Caption-style text data:
====

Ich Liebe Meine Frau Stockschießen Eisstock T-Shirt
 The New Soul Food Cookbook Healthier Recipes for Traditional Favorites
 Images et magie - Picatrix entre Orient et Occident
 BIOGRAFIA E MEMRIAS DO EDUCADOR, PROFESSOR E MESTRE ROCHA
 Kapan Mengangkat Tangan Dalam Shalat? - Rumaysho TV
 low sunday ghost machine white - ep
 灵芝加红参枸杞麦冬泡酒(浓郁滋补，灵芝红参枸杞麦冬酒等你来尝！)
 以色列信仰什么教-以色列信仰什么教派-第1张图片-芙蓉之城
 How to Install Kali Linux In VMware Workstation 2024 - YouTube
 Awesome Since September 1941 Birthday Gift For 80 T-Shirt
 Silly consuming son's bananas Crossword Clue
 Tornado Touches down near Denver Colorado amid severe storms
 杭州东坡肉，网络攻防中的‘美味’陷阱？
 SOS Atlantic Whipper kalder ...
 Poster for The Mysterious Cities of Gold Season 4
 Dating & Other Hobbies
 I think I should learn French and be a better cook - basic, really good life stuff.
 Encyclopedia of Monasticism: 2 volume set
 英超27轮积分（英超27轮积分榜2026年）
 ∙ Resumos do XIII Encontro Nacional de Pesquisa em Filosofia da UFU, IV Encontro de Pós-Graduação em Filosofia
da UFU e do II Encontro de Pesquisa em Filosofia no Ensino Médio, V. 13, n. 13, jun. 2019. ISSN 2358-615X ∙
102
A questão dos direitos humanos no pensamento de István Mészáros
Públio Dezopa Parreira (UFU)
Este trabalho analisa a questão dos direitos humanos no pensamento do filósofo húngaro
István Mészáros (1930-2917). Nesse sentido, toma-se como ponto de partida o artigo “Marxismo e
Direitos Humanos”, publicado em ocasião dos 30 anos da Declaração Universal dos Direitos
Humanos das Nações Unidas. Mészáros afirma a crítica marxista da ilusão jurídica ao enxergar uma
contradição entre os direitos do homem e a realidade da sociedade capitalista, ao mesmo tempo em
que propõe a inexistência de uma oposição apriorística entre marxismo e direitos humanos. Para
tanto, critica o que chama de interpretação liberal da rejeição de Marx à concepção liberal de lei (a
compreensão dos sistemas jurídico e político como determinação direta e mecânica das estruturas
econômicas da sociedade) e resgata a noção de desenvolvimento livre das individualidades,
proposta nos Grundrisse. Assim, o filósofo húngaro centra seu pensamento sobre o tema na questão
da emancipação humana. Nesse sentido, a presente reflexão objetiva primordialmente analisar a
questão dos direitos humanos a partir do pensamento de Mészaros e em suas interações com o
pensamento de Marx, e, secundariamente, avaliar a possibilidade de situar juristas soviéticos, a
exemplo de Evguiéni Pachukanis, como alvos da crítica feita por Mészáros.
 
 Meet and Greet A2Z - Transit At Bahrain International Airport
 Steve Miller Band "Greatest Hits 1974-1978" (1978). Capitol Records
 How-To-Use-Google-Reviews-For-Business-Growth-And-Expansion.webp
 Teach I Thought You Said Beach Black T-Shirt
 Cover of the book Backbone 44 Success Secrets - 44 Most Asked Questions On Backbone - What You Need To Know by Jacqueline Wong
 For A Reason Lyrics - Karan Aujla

====

INSTRUCTIONS TO FOLLOW: Copy the lines of the data above exactly as written, beginning with the line containing "Tornado Touches down" and ending with the line containing "英超27轮积分（英超27轮积分榜2026年）", and leave out all other lines.

OUTPUT FOR THIS EXERCISE:
 Tornado Touches down near Denver Colorado amid severe storms
 杭州东坡肉，网络攻防中的‘美味’陷阱？
 SOS Atlantic Whipper kalder ...
 Poster for The Mysterious Cities of Gold Season 4
 Dating & Other Hobbies
 I think I should learn French and be a better cook - basic, really good life stuff.
 Encyclopedia of Monasticism: 2 volume set
 英超27轮积分（英超27轮积分榜2026年）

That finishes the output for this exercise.